Чтобы подзадорить его, Валентина Семеновна пошла с ним в гости к Ге. Обстановка мастерской художника и вправду подействовала на Тоню благотворно. Ге разрешил ему взять для копирования несколько гравюр из своей коллекции. Серов выбрал «Даму в белом атласном платье» голландской школы и «Сикстинскую мадонну» Рафаэля. Скопировал он их хорошо, вполне грамотно, но без увлечения. Зато с удовольствием рисовал собственную композицию на евангельский сюжет: «Обручение девы Марии с Иосифом».
Весной Тоша заболел, и Валентина Семеновна переехала с ним на юг, в Киев. Туда звал ее некто Немчинов, студент-медик, репетитор детей Мамонтовых, с которым она познакомилась, живя в подмосковном имении Мамонтова Абрамцеве.
В Киеве летом 1876 года она вступила с Василием Ивановичем Немчиновым в гражданский брак.
О Немчинове у Серова сохранились хорошие воспоминания. Немчинов занимался с ним, подготавливал к экзаменам в гимназию, был добр и ласков, и мальчик оттаял, стал менее замкнут, начал посещать киевскую рисовальную школу Мурашко, которая, конечно, была не то, что занятия с Репиным, но все же он хоть не забывал того, что было им достигнуто.
Отдать сына в школу Мурашко посоветовал Валентине Семеновне Репин. Самому Мурашко, который был его приятелем по Академии, Репин писал: «Я Серовой наказывал в Москве познакомиться с тобой в Киеве, где она теперь живет… и отдать тебе сына Тоню (очень талантливый мальчик, „божьей милостью“ художник), обрати особенное на него внимание».
Впоследствии в своих воспоминаниях Мурашко писал, что Серов на занятиях был очень серьезен и как-то даже надут.

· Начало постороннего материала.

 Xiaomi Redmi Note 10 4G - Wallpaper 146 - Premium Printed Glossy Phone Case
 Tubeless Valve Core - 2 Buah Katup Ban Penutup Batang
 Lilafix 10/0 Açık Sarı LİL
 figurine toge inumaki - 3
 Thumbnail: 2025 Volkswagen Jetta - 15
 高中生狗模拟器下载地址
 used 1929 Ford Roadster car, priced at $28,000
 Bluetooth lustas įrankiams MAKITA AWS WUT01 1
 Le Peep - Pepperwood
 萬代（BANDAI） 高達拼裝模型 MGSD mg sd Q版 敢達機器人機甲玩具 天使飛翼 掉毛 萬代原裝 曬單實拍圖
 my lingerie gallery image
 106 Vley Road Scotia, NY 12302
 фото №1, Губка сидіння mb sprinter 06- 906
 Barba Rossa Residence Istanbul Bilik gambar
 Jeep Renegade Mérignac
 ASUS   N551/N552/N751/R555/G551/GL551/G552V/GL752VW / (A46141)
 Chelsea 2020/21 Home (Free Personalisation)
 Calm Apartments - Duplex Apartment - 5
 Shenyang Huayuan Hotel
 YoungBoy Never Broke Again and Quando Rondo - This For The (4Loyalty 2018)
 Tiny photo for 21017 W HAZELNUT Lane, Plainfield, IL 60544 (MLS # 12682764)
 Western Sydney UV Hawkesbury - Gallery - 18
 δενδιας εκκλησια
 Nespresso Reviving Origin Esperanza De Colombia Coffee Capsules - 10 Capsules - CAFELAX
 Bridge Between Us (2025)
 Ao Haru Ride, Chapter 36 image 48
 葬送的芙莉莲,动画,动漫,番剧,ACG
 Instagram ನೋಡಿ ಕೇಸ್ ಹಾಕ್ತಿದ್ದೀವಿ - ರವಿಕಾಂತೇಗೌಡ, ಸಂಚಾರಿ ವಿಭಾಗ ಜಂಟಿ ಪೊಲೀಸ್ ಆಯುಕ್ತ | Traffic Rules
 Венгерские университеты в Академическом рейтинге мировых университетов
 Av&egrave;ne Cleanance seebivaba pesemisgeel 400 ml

Пройдя репинскую школу, он легко справлялся с задачами, которые ставились перед учениками у Мурашко, и, окончив рисунок раньше всех, тотчас же начинал покрывать его со всех сторон рисунками лошадей.
А в общем школа Мурашко и сам он оставили у Серова неприятные воспоминания. Серов впоследствии даже не мог понять, почему так получилось. Наверно, потому, что Мурашко сменил Репина на уроках рисования, но не мог занять место Ильи Ефимовича в сердце мальчика…
В то же время Немчинов подготовил его во второй класс, и он, сдав экзамены, осенью 1877 года поступил в киевскую гимназию. Гимназия понравилась ему гораздо больше пансиона Мая, хотя в ней и существовали телесные наказания. Начальство, надо сказать, не злоупотребляло ими. Только раз директор взял Тошу за вихор, увидев, как тот рисует на стенке его, господина директора, портрет. Но наказание было скорее отеческим, чем строгим, с тех пор директор даже благоволил к юному художнику.